Sustainable Living
Monday, June 28th, 2010By Shawn Dell Joyce
We Americans complain bitterly about the rising cost of food. Most Americans don’t realize just how good we really have it in the land of plenty. In other countries where people make much less money, they spend a much higher percentage of their income on food.
Wealthier industrialized nations spend a small percentage of their weekly budgets on food. According to the Economic Research Service, part of the U.S.D.A., we spend only 5.7 percent of our total household budget on food. In the U.K. and Denmark, people spend between up to 10 percent compared to people in less developed nations who spend from 40 to 50 percent. Azerbaijan tops the chart at 50.4 percent.
In their delicious book, Hungry Planet: What the World Eats, photographer Peter Menzel and writer Faith D’Aluisio document the weekly food budgets of twenty-four international families in full-color photos. A family of eight in Guatemala spends 573 Quetzales (equivalent of $75.70) in groceries each week. The average yearly income is around $4,000, making groceries the highest expense for most families. Most families grow a good portion of what they eat, and barter with the excess.

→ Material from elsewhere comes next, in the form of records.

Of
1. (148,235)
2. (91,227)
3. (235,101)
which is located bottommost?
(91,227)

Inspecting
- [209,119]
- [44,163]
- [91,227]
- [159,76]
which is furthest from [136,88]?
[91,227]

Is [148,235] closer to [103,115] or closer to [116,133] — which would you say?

Meanwhile, back in the states, a family of five can spend a whopping $242.48 per week on groceries out of an average income of $35K per person. While the cost sounds much greater, compared to income and other expenses, Americans eat the cheapest food in the world, and lots of it.
We humans need about 2,000 calories per day to survive. We’ve moved from an average of 2,358 kcal available per person in 1965, to 2,803 kcal in 1999, to a projected of 2,940 in 2015, according to the World Health Organization. But not everyone has equal access to the “all you can eat” buffet. In developing countries; only 2,681 kcals were available per day, while industrialized countries had 3,380 kcals available per day in 1999.

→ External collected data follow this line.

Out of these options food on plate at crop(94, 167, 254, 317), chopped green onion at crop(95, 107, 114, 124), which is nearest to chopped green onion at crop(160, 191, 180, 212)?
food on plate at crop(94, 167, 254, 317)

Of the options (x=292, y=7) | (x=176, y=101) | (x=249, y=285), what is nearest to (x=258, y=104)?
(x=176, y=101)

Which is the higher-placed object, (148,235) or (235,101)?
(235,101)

Marion Nestle, author of Food Politics: How the Food Industry Influences Nutrition and Health writes; “Here we have the great irony of modern nutrition: at a time when hundreds of millions of people do not have enough to eat, hundreds of millions more are eating too much and are overweight or obese. Today…more people are overweight than underweight.”
In the U.S. 72 percent of men, and 70 percent of women are overweight. Cheaper food does not translate into healthier food. In fact, our current agricultural policy is to subsidize corn to the point where it is ridiculously cheap and ubiquitous in our food system. So cheap that we even burn it as fuel for our automobiles, a crime against humanity when you consider all starving people that could be fed.

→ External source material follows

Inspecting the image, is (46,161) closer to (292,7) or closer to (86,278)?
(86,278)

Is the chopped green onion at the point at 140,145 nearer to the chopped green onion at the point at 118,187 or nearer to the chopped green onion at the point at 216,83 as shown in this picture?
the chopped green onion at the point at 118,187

Corn is one of the cheapest food additives, and the single-most highly subsidized crop in the world. This mountain of cheap corn is primarily used in processed foods. Corn and corn syrup products as sweeteners can be found in almost every product on supermarket shelves, and are primary ingredients in most fast foods. That makes processed foods much cheaper than whole, natural and nutritious foods. Plus, they don’t spoil as quickly as fresh produce, and taste better to humans already evolutionarily inclined toward sweet and fatty flavors.
Looking back at our Guatemalan family cited above, their weekly diet consisted mainly of potatoes, rice and beans, and vegetables from their garden. Meat was added to a meal less than once a week. While the American family ate mostly processed foods like canned soups, frozen meals, packaged cookies, cakes, and crackers, and lots of meat. Another major difference is cooking. The Guatemalans eat every meal at home and one person spends most of her time cooking, preparing, and purchasing ingredients for meals. Americans eat one out of three meals at home.
How can we curb our national eating disorder?
–Eat local! When we eat what is grown in our own region we eat healthier, and at the peak of freshness. This is better four our health and the environment, as well as boosting the local economy.
–Grow your own food! Victory gardens helped our grandparents survive the wars and Great Depression. Save money at the grocery store by skipping the imported produce and processed food.
–Eat lower on the food chain! Meat is a threat to our health and environment. Treat it as a condiment and purchase locally-raised meats from farms you trust. www.EatWild.org or www.localharvest.org.